Many of the couple’s songs were pitched live to the artist who visited them at their home, or when Boudleaux went to their respective offices. Since they had no offices on Music Row, they were able to spend a lot of time at home with Del and Dane.
“I had mom and daddy home all the time,” Dane concurred. “A lot of kids didn’t have that. They’d be home with us, or we’d get hauled to sessions with them when they were going out, and we knew that we had to sit there and be quiet during the sessions, or if they took us to the Opry with them. I guess every Opry member baby sat us at one time or another when we moved to town.”
The Bryants had a unique schedule that allowed them to spend maximum time with their songs. Often they would write all night, Felice would fix breakfast for the boys before they left for school, then the husband and wife team would sleep all day, getting up in time to welcome Dane and Del home from school. After visiting and dinner, and making sure the boys had done their homework, Del and Dane would be off to bed and Felice and Boudleaux would begin their workday.
“Everybody came through our house in those days…Don Gibson, Eddy Arnold would pull up to the dock in his houseboat, the Everlys, Hawkshaw Hawkins, Cowboy Copas, Jimmy Dickens, Roy Orbison, Jim Reeves, Robert Mitchum, the Crickets, Tex Ritter, Patsy Cline…mom and dad were most prone to socialize with performers rather than songwriters,” Dane pointed out. “Dad never played one of his songs for another writer until it had been cut, and very seldom did he write with anyone other than my mother. If they did get another with them, it was always social, never business.”
That didn’t stop the songwriters from wanting to see Felice and Boudleaux. Both Del and Dane remember Harlan Howard, John D. Loudermilk, Hank Cochran and numerous others seeking them out to meet them, recognizing their importance in establishing a writing community in Nashville. These new writers sought them out as their heroes as much as they did to ask advice or for words of encouragement. To them, Felice and Boudleaux had opened the way for other writers to move to town and make a living as songwriters.
“We didn’t really realize that our folks were any different from anyone else’s parents, except that we knew they were home more,” Del said when asked how he, as a teenager, felt about being the son of Felice and Boudleaux Bryant. “I knew they did something different, but I grew up thinking everyone was in the music business. I knew there were firemen, doctors, and lawyers and so forth, but that wasn’t who came to our house all the time. It didn’t really hit us about what they did until the Everly Brothers started recording their songs.
“After the Everlys hit, then I knew they were different, because the kids at school started asking us if we’d ever met Phil and Don. Of course we had, they were only six or seven years older than we were, and we had fun with them.
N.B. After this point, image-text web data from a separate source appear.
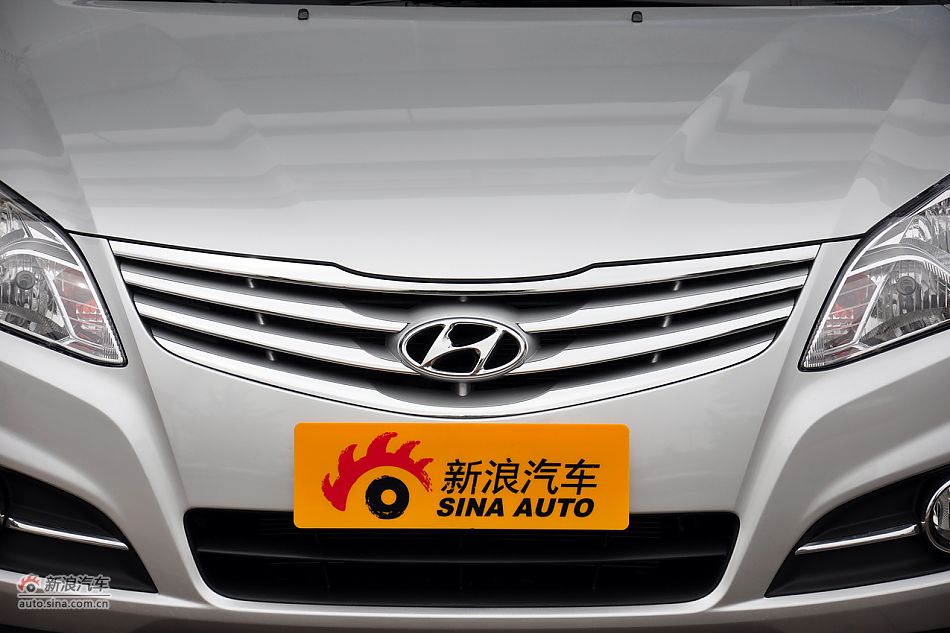 2011款悦动高清到店实拍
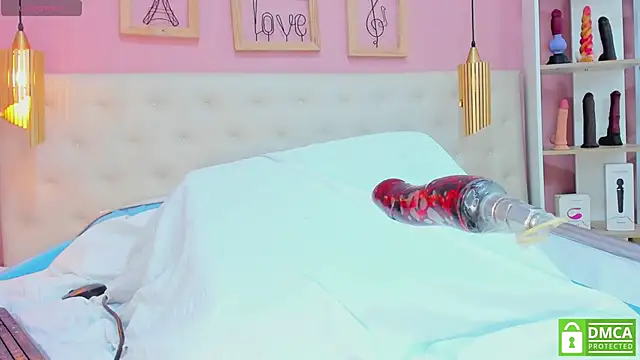 leylla  online show from 04-26-26, 07:55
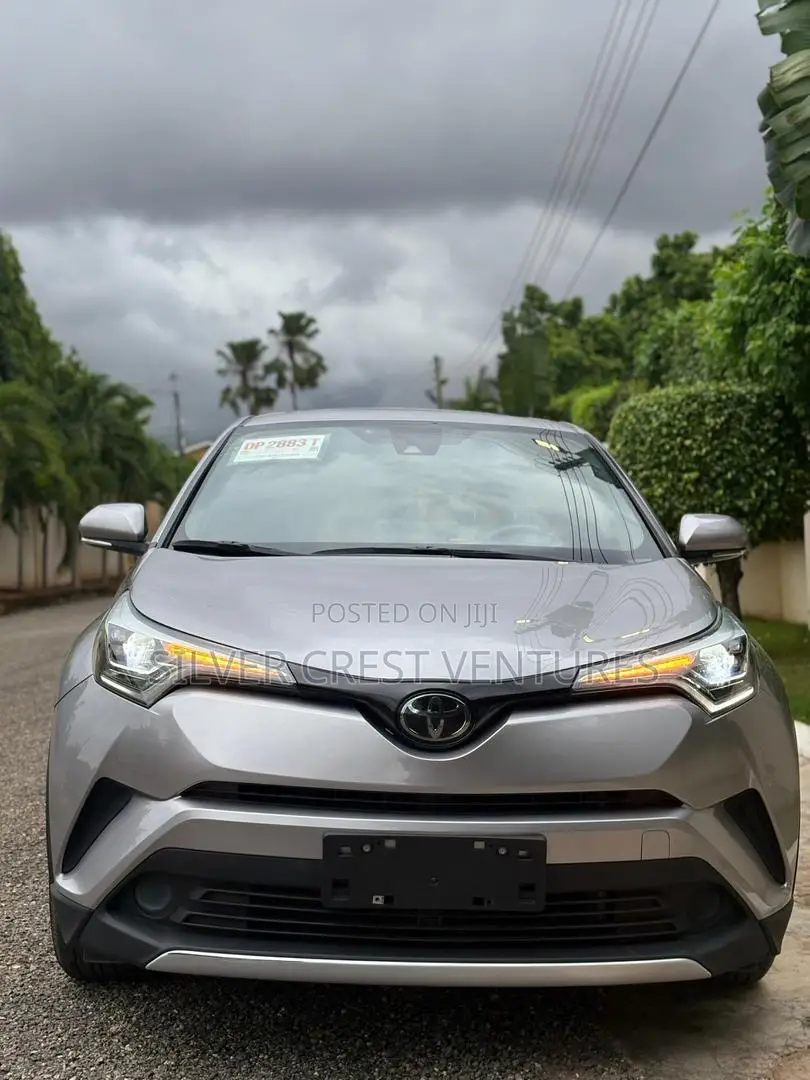 Toyota C-HR XLE FWD 2020 Gray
So we knew them and it wasn’t any big deal to us. But then kids started wanting to come home and meet or parents and they’d always sing a song or two for them. That was when I became aware that what they did really had an affect on other people.”
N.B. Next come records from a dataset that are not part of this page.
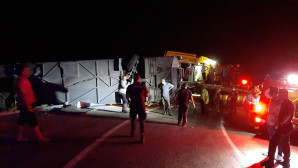 ANTALYA YOLUNDA TUR OTOBÜSÜ UÇURUMA YUVARLANDI, YARALILAR VAR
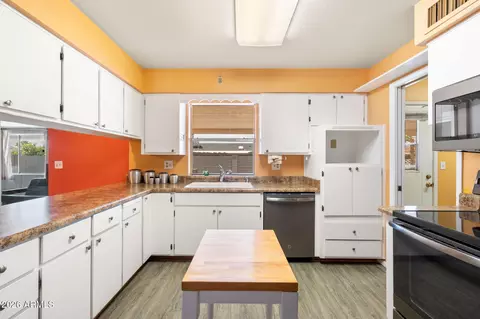 Kitchen - 4733 E Florian Cir, Mesa, AZ 85206 photo 2 of 3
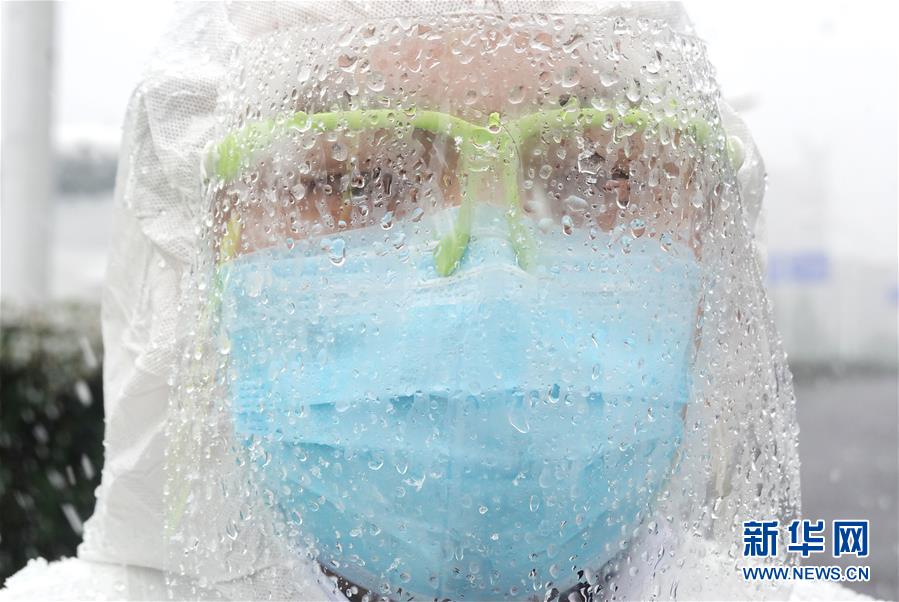 (新華全媒頭條·圖文互動)(6)滄海橫流 英雄本色——致敬抗疫一線的勇士們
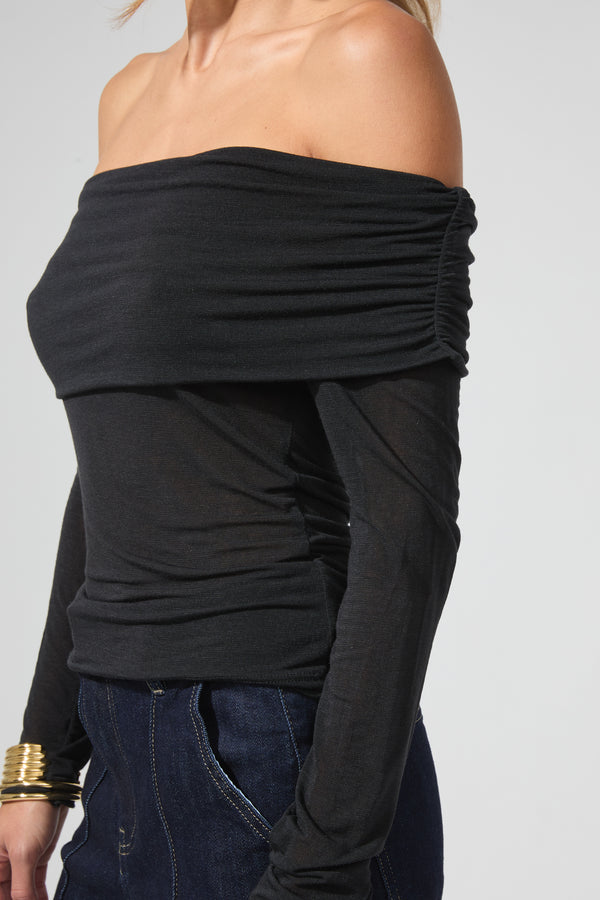 Pablo | Cold shoulder top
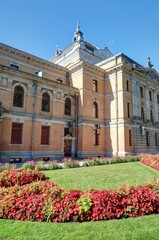Palais royal d'Oslo et ses jardins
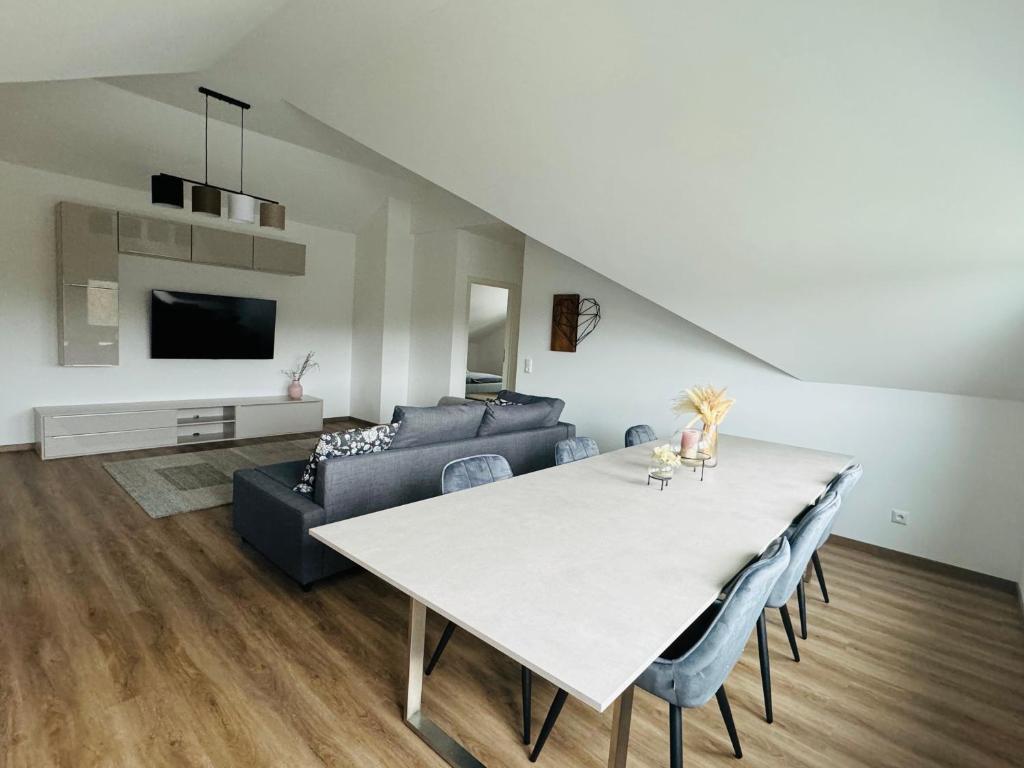 Imagen de la galería de Wunderschöne moderne Wohnung mit 2 Schlafzimmern, en Braunfels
While what Felice and Boudleaux wrote had an effect on the fans of the people who recorded the music, it was also having an effect on other songwriters. The two had been acknowledged as being ahead of their time, and both Del and Dane agree that was true.
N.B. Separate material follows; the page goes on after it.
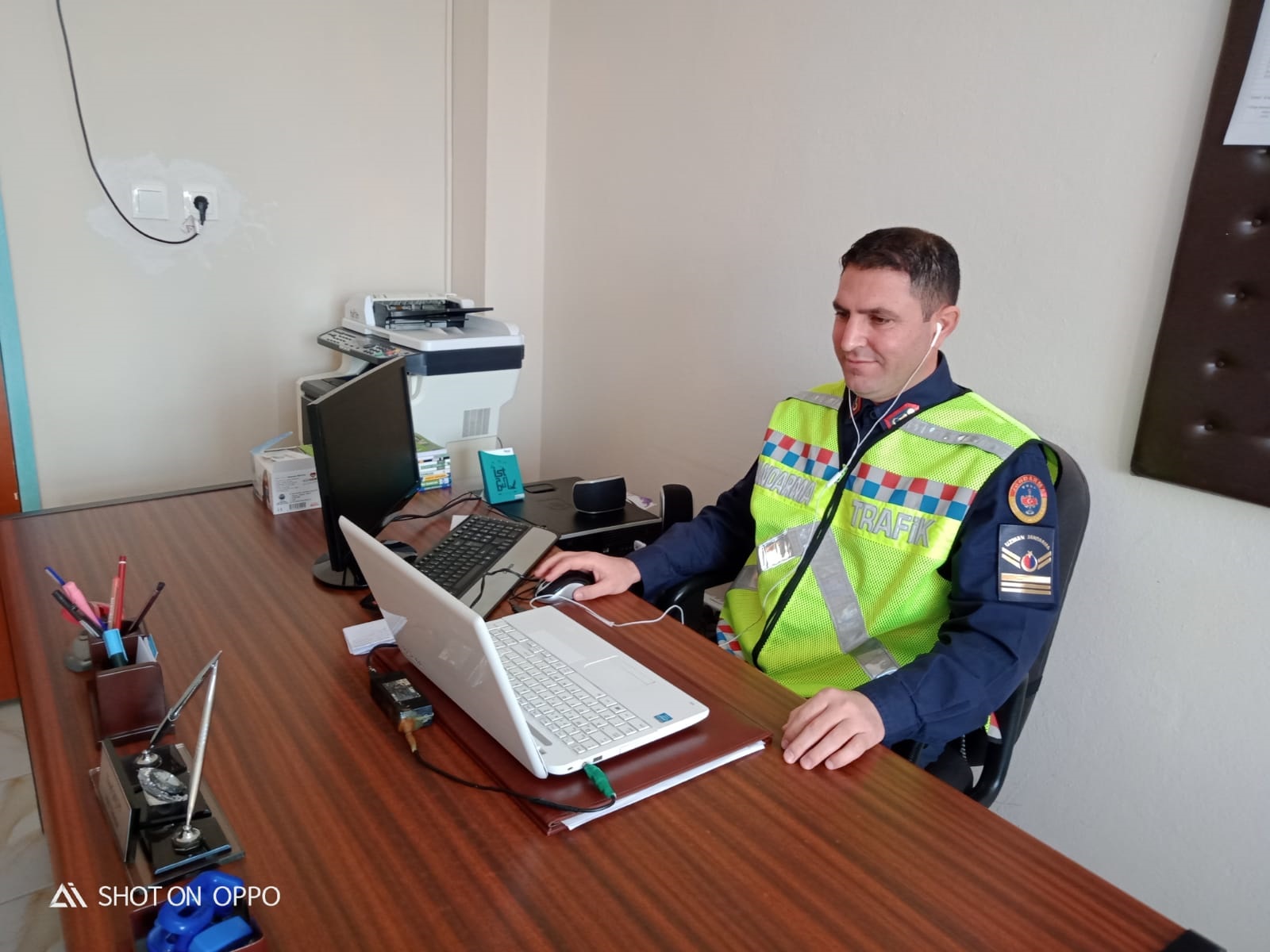 Jandarma’dan 220 Öğrenciye online Trafik semineri verildi.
“Dad knew music, he could mix all kinds, from a simple folk ballad to classical and hoedown,” Del said. “I believe they helped stretch the music that was coming out of Nashville at the time. Anyone who does that makes it easier for others to stretch the music as well. They taught people you can write whatever you want to…in one instance a song about a kid in jail, the next about a country boy out behind the barn…but to make sure that it is all written well. They would write one song with a bridge, another with a different chord structure, then the next time they’d go back to that basic three chord country song that was being written then. They could do it all.
“People like Chris Hillman, Rodney Crowell, the Burrito Brothers, they all listened to songs by mom and daddy and they were all influenced by them.”
Del went on to say that Boudleaux’s knowledge of music was a tremendous help in the studio when he wanted to convey an idea to the musicians working on the session. “There weren’t producers then as we know them today, and often daddy would be called upon for his ideas when someone was recording,” Del explained. “There were occasions where knowing the language of the musicians probably helped insure the cut for mom and daddy. He would know what something should sound like in his head, and he would always be able to relay it to the musicians, to be able to communicate with them on what a certain song needed at a given point in the song.”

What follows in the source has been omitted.